MATERIAL TO PROCESS:
┌──
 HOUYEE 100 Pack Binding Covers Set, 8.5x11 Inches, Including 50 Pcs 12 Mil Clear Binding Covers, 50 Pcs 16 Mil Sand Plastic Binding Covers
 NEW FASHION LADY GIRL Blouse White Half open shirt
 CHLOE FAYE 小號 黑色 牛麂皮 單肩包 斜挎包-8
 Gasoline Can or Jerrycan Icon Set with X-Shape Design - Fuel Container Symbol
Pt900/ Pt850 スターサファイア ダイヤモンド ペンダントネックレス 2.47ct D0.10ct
└──
┌──
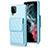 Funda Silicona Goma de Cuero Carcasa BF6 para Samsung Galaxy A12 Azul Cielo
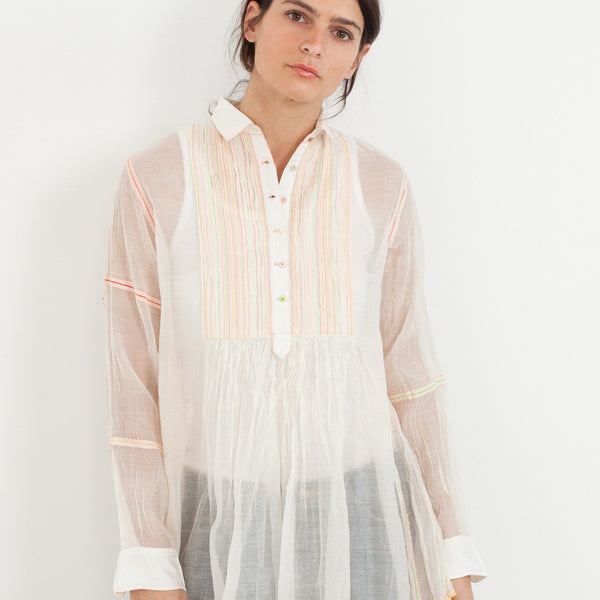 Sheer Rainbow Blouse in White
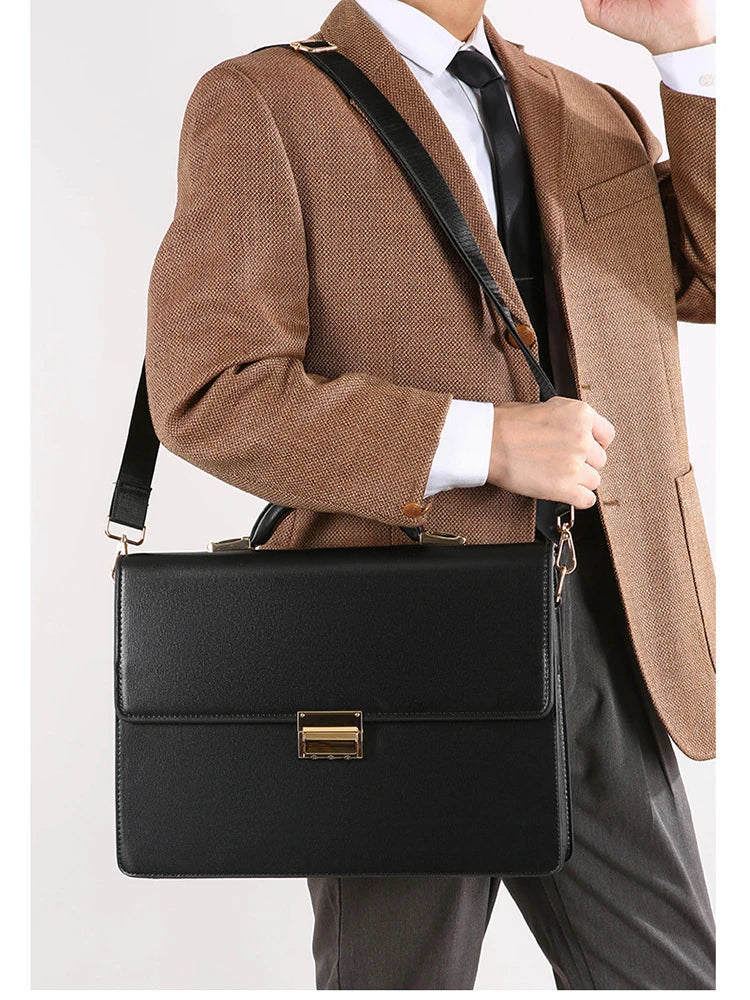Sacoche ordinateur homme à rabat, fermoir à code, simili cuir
└──
TASK BRIEF:
Restate word for word the lines of the data above, starting at the line containing "HOUYEE 100 Pack" and ending at the line containing "Gasoline Can or", both included, and nothing more.

RESULT:
 HOUYEE 100 Pack Binding Covers Set, 8.5x11 Inches, Including 50 Pcs 12 Mil Clear Binding Covers, 50 Pcs 16 Mil Sand Plastic Binding Covers
 NEW FASHION LADY GIRL Blouse White Half open shirt
 CHLOE FAYE 小號 黑色 牛麂皮 單肩包 斜挎包-8
 Gasoline Can or Jerrycan Icon Set with X-Shape Design - Fuel Container Symbol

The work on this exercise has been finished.